There is a well-known saying in hypnotherapy circles, “All hypnosis is self-hypnosis.” No one can force you to be hypnotised against your will. Even that 35% of the population with controlling personalities will often need extra support and guidance to surrender control temporarily during a hypnotherapy session.
The main difference between meditation and hypnosis is that in meditation the person often has the intention to turn off both the conscious and subconscious mind through use of something like the mantra “ohm”, whereas in hypnosis the subconscious mind remains alert and active. Of course this distinction blurs when we listen to a guided meditation or visualisation on a CD as we are keeping the subconscious mind active and are actually doing self-hypnosis.
A vividly imagined scene or experience in a relaxed hypnotic state is interpreted as reality by the subconscious mind, so it is little wonder self-hypnosis has the potential to be an amazing healing tool for personal growth and stress management.

Effective self-hypnosis will include finding a quiet place to sit or lie comfortably for at least 20 minutes where you will not be disturbed, creating a relaxing ambience with a rug, and maybe relaxation music, candles and aromatherapy oils. Set your intention for the session, such as for relaxation, getting rid of emotional rubbish, detaching yourself from troublesome people and so on. You may like to record some self-hypnosis scripts in your voice, being conscious of timing, intonation and voice modulation. If you don’t like listening to the sound of your own voice, you may like to get a friend to record it in their voice. Alternatively, just memorize the basic outline of a script and you will be able to lead yourself through it in trance.
Each of your self-hypnosis sessions should ideally start with an Induction, such as deep breathing, to start relaxing down, a Deepening Technique, such as walking down steps, to deepen the relaxation even further, a Healing Focus for the session and then a Count-up to bring you back to full waking consciousness when you are ready. You might also like to imagine setting a timer on a clock at the start of your self-hypnosis so that the timer goes off after the desired number of minutes and brings you back to full waking consciousness.

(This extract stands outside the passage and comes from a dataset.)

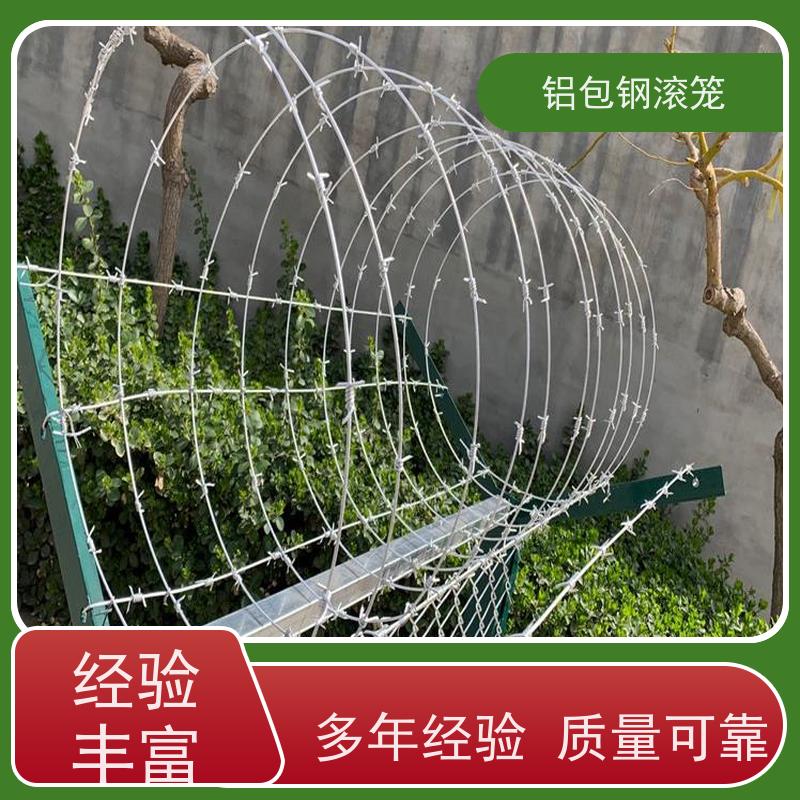铝包钢菱形网飞行区隔离围栏新型机场围网防腐性能高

If I get a short break in between clients I will often drop into a “power nap” mini self-hypnosis with the intention to be back at full alertness five minutes before my next client arrives. Works every time, regardless of whether the client is early or late!
Never listen to guided visualizations or self-hypnosis scripts while driving a car or operating machinery. Self-hypnosis is contraindicated for people suffering from grand mal epilepsy or psychosis as there is a slight risk the altered brainwave state may trigger an episode.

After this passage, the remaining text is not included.